What will the changes mean for UK lenders and borrowers?
- Some buy-to-let mortgage lenders will need become regulated by the FCA – it is estimated to be around 10% of buy to let mortgages will be issued to consumers.
- The currently used “Key Facts Illustration” (KFI), a document summarising the important features of a mortgage, enabling borrowers to compare offers with other mortgages, will be replaced with a “European Standard Information Sheet” (ESIS). This will then be a Europe-wide standardised set of disclosure information for borrowers.
- The requirements relating to foreign currency loans will change along with the lenders’ administration processes, procedures and documentation, all of which will need to be in line with the legislation changes.
- Some buy-to-let lenders who were not registered with FCA will have to apply for and hold the relevant new FCA consumer buy-to-let permissions if they wish to continue in business with these types of loans.
- All second charge lenders and brokers will need to be registered with the FCA.
- The lender will come under an MCD rule which introduces a “reflection period” of at least seven days, beginning when the lender issues its binding offer of a loan. This is to give the client mortgage applicant time to search the market and make comparisons, and reflect on what they are committing to. The offer remains binding on the lender during this reflection period.
- The rule changes are intended to standardise processes across the EU and better inform and protect consumers through MCD, the ESIS and the FCA.
- Consumer buy-to-let landlords will be subject to the same affordability checks as are currently residential mortgage applications which will be strictly enforced.
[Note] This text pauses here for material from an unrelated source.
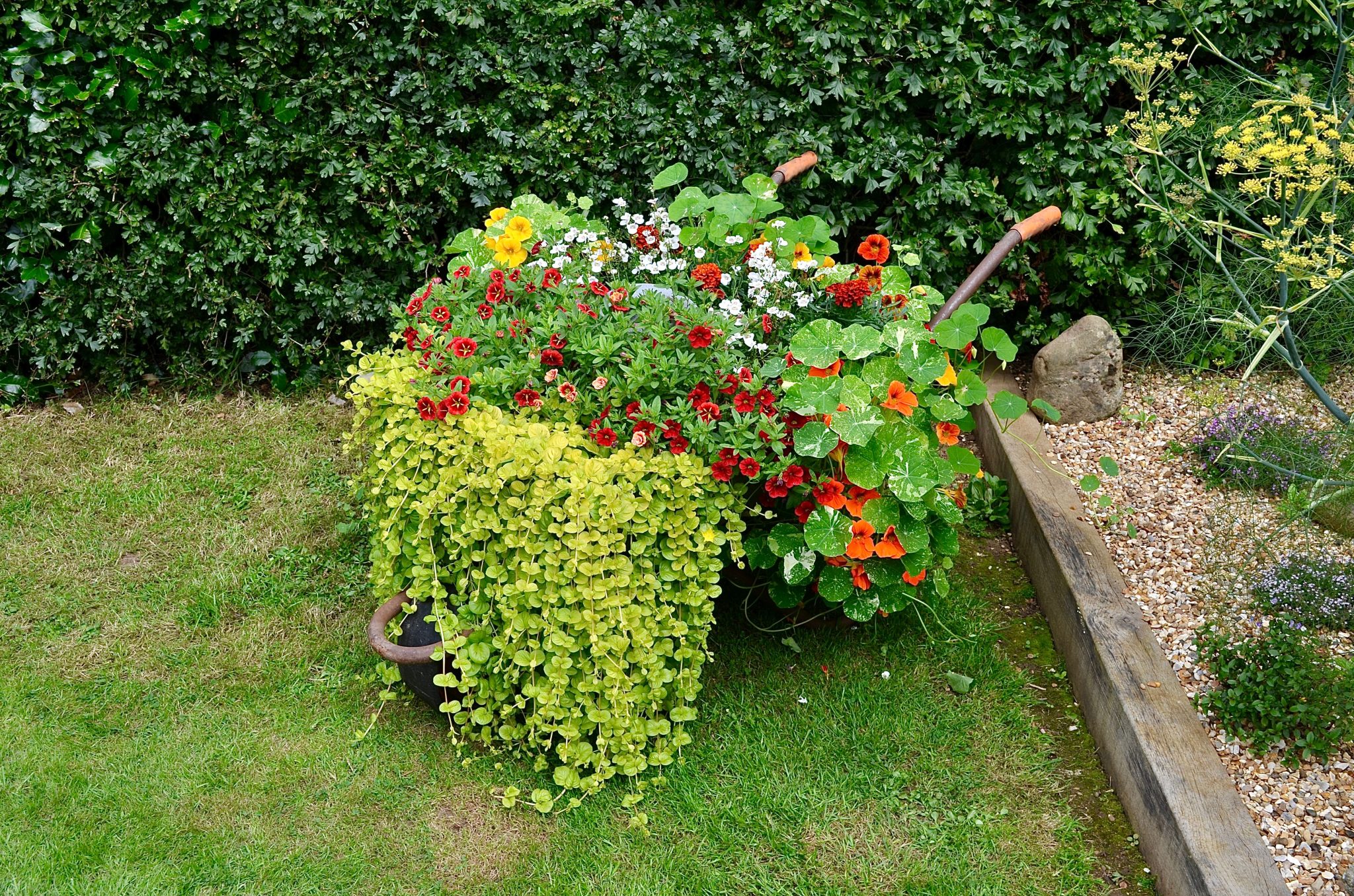 A vibrant display of flowers in a rustic wheelbarrow set in a lush garden on a bright day.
- Mortgage borrowers will have an automatic right to repay their mortgage early, either partially or in full.
A major UK Mortgage Market Review introduced new rules in the UK mortgage market from April 2014. It was developed with the MCD framework in mind and includes a strict affordability check to ensure a borrower can afford their mortgage, even if rates were to increase by 3% from current levels.
Currently, lenders are allowed some discretion and can waive affordability criteria on re-mortgages where there’s no additional borrowing, or they are the current lender. It is not clear if this will be allowed under MCD.
Buy-to-let mortgages have accounted for a significant part of the UK mortgage market (around 16% in 2015). MCD will bring in a new consumer buy-to-let application process meaning increased work and bureaucracy for lenders and some smaller landlords may not meet eligibility criteria when applying for a re-mortgage.
However, most people in the lending industry see that educating and protecting consumers against ill-advised lending and borrowing is a sensible rule change. By far the majority of the buy-to-let market will be seen as a “business”** operation and will remain largely unaffected.
* Second charge mortgages are often referred to as second mortgages because they have secondary priority behind a main (or first charge) mortgage. They are a secured loan, which means they use the borrower’s home as security. Many people use them as a way to raise money instead of re-mortgaging. Only home owners can get a second mortgage, although they do not necessarily need to live in the property. A second charge mortgage allows borrowers to use any equity in the home as security against another loan. It means the borrower will essentially have two mortgages on the home.
**Something of an anomaly exists in UK legislation: HMRC class buy-to-let as an “Investment “ activity for tax purposes, meaning that landlords cannot benefit from many of the business tax allowances, even less so since the 2015 Summer Budgets which removes some mortgage interest tax relief. However, in the case of mortgages as seen above, and with the Flood-Re scheme, buy-to-let IS classed as a business. Cake and eat it springs to mind!